Background Airway remodelling is a key feature of asthma and chronic obstructive pulmonary disease (COPD). The remodelling process involves the deposition of extracellular matrix (ECM) proteins within the airways. Current therapies for asthma and COPD consist of inhaled corticosteroids and long-acting β2-agonists (LABA). However, their effect on airway remodelling is not well understood so far.
Objective In this study we investigated the effect of fluticasone and salmeterol, either alone or in combination, on fibronectin and tenascin-C protein, isoform, and mRNA levels in primary human lung fibroblasts.

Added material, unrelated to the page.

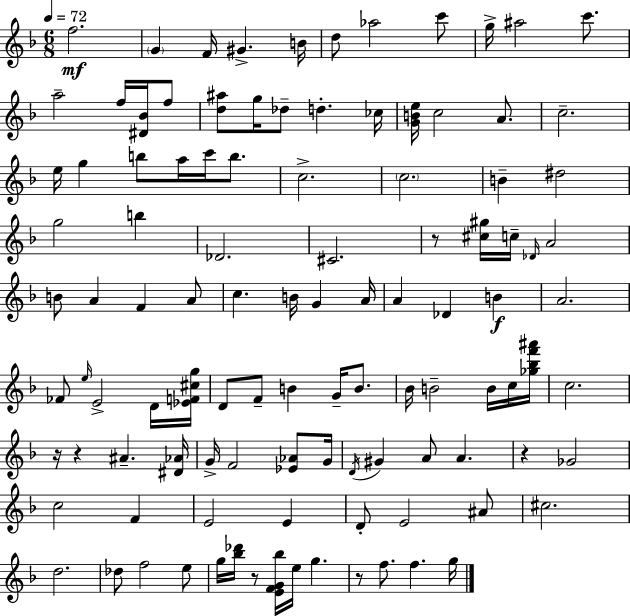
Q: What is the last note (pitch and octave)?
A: G5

Methods In our model, fibroblasts cultured in serum-free medium represented a non-inflammatory condition and stimulation with 5% fetal calf serum and/or TGF-β1 mimicked a pro-fibrotic environment with activation of tissue repair. Using these two different conditions, the effects of fluticasone and salmeterol on fibronectin and tenascin-C protein and mRNA levels were analysed by immunoblotting and semi-quantitative RT-PCR.

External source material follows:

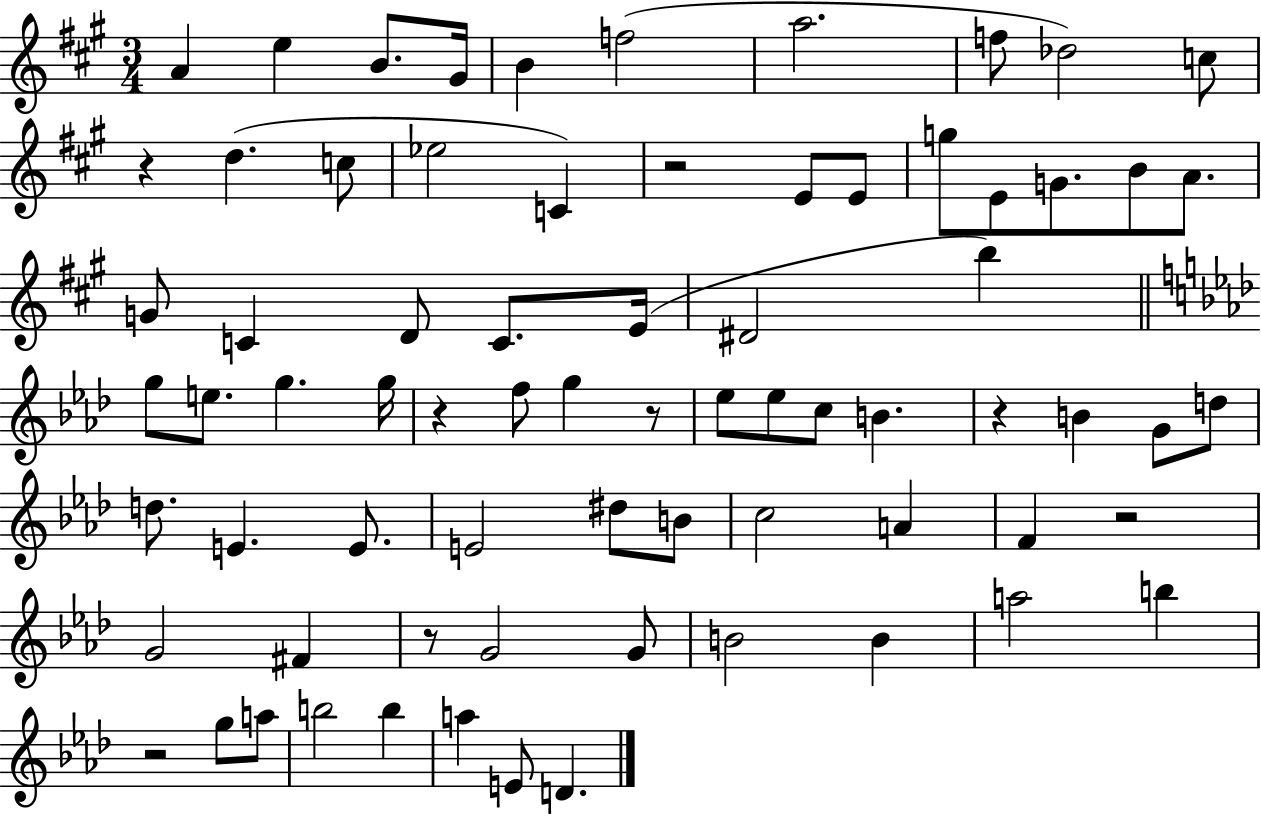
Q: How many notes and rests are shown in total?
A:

Results In both conditions, fluticasone increased fibronectin transcript and protein levels, whereas it decreased those of tenascin-C. Salmeterol neither affected fibronectin and tenascin-C synthesis significantly nor did it influence the effect of fluticasone when applied in combination. Furthermore, we found that treatment with fluticasone had an opposite effect on extra domain A and B containing fibronectin isoforms generated by alternative splicing compared with total fibronectin transcript levels, whereas tenascin-C isoforms were not differently modulated by fluticasone.
Conclusions Our results indicate that standard therapies for inflammatory lung disorders influence ECM protein composition and relative expression levels. In contrast to corticosteroids, LABA did not significantly alter the expression of tenascin-C and fibronectin in cultures of primary human lung fibroblasts.